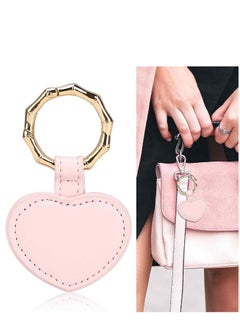 SYOSI Magnetic Hat Clip for Travel, PU Leather Multifunctional Fashion Hat Holder Clip for Men and Women, Portable Cap Clips for Bag Handbag Backpack Luggage Purse, Heart Pattern, 1 Pcs, Pink  - Image 1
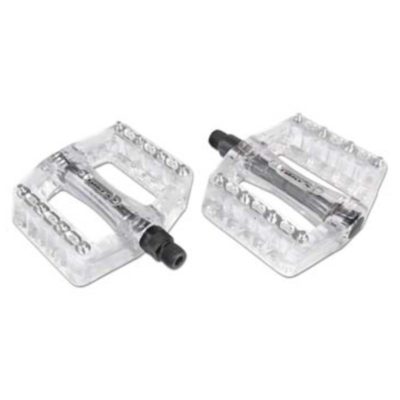 Paire pédales BMX transparents Puch/Sachs/Tomos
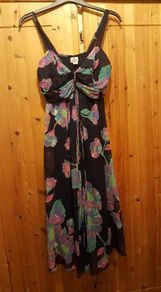 Navy Floral Dress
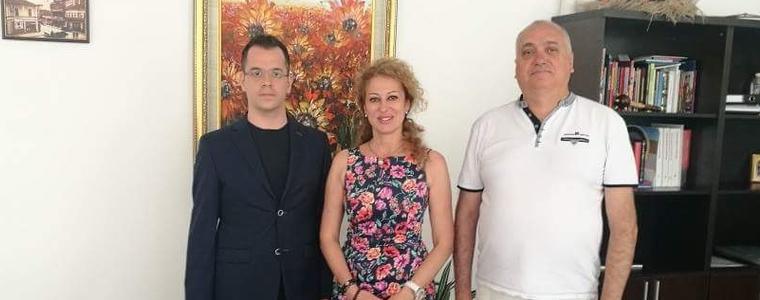 Кметът на Добрич се срещна с директора на Държавния музикален и балетен център Марияна Арсенова 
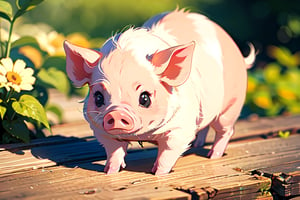a cute pig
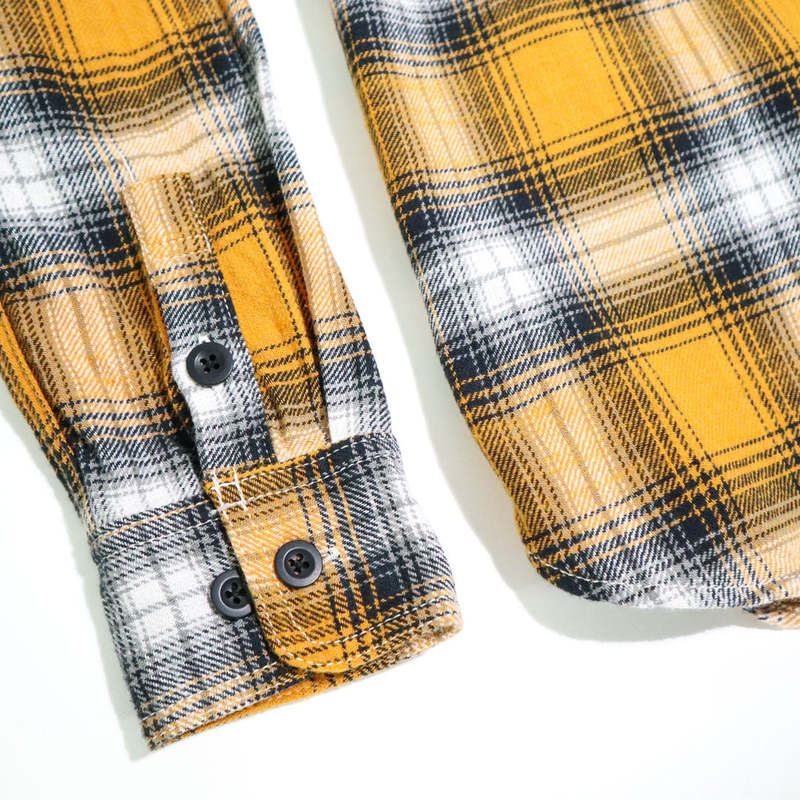 トップス GOLD NEL CHECK BIG WORK SHIRT GL28300 M GOLD NEL CHECK BIG WORK SHIRT GL28300 M - メルカリ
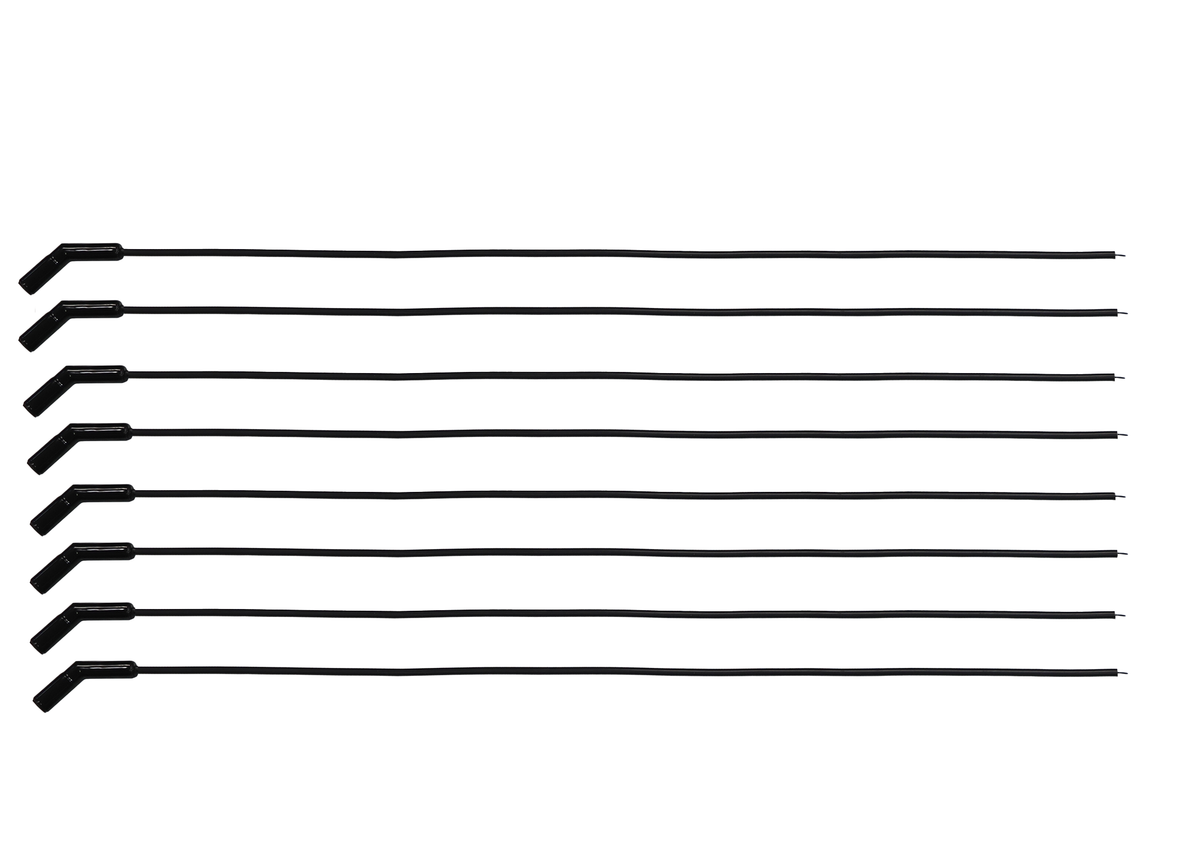 FiTech 90023 Go Spark Ceramic Spark Plug Wire Kit 8mm Universal SBC/BBC 45 deg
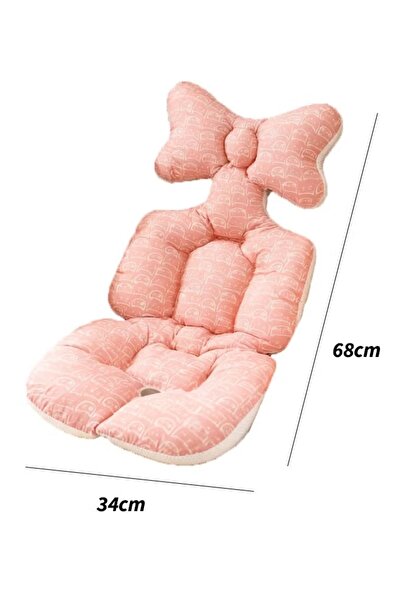 Generic Baby Stroller Cushion Seat Pad Stroller Seat Liner 3D Mesh Pram Pushchair Seat Liners Universal Pink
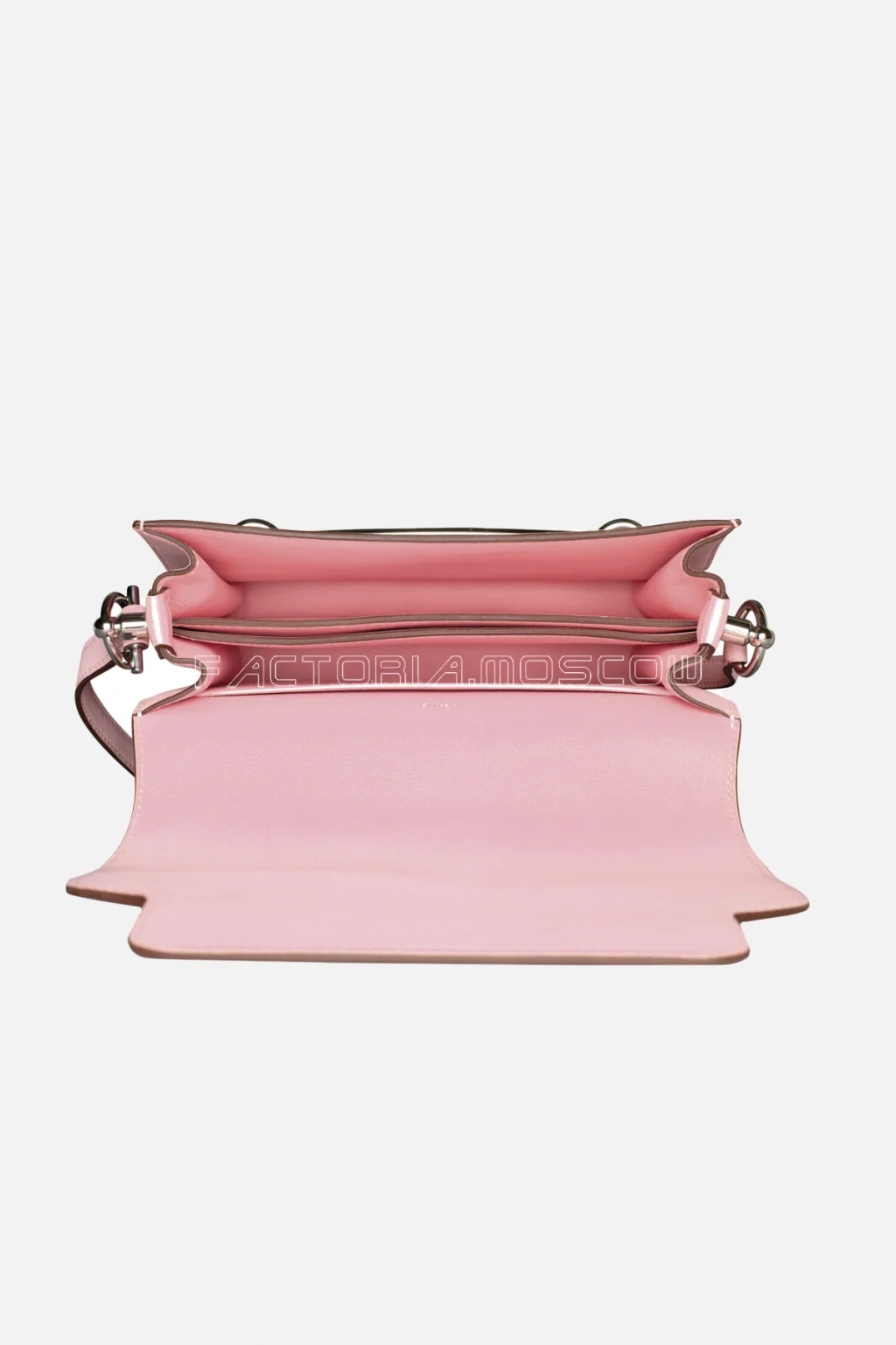 Hermès Mini Roulis 18 Rose Sakura Swift PHW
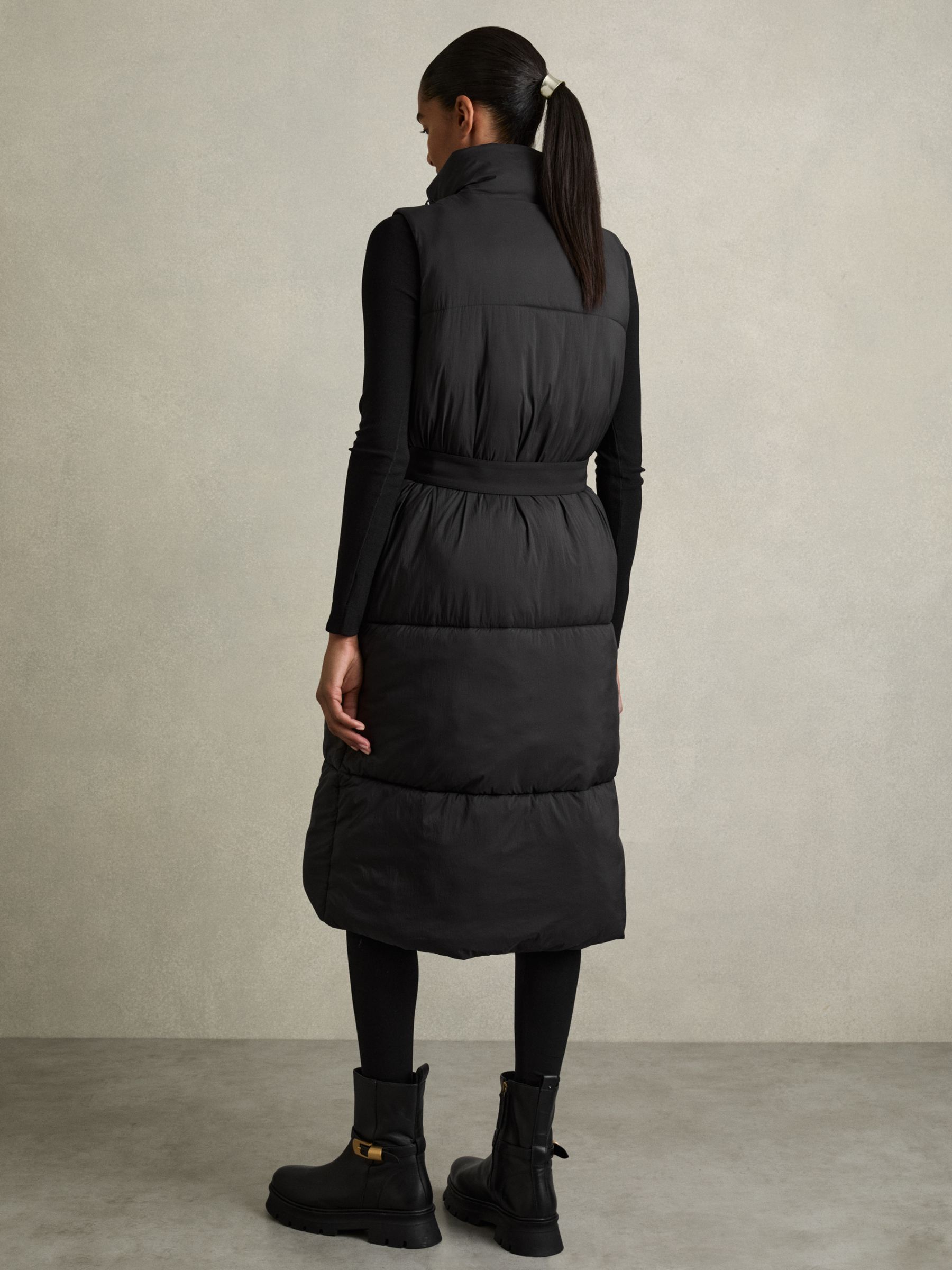 Hybrid Puffer Coat in Black - Image 8 of 9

○ ○ ○ ○ ○

▶ Directions for this task
Return the lines of the data above in full and exactly, with no pictures.

▶ Result of this task
 SYOSI Magnetic Hat Clip for Travel, PU Leather Multifunctional Fashion Hat Holder Clip for Men and Women, Portable Cap Clips for Bag Handbag Backpack Luggage Purse, Heart Pattern, 1 Pcs, Pink  - Image 1
 Paire pédales BMX transparents Puch/Sachs/Tomos
 Navy Floral Dress
 Кметът на Добрич се срещна с директора на Държавния музикален и балетен център Марияна Арсенова 
a cute pig
 トップス GOLD NEL CHECK BIG WORK SHIRT GL28300 M GOLD NEL CHECK BIG WORK SHIRT GL28300 M - メルカリ
 FiTech 90023 Go Spark Ceramic Spark Plug Wire Kit 8mm Universal SBC/BBC 45 deg
 Generic Baby Stroller Cushion Seat Pad Stroller Seat Liner 3D Mesh Pram Pushchair Seat Liners Universal Pink
 Hermès Mini Roulis 18 Rose Sakura Swift PHW
 Hybrid Puffer Coat in Black - Image 8 of 9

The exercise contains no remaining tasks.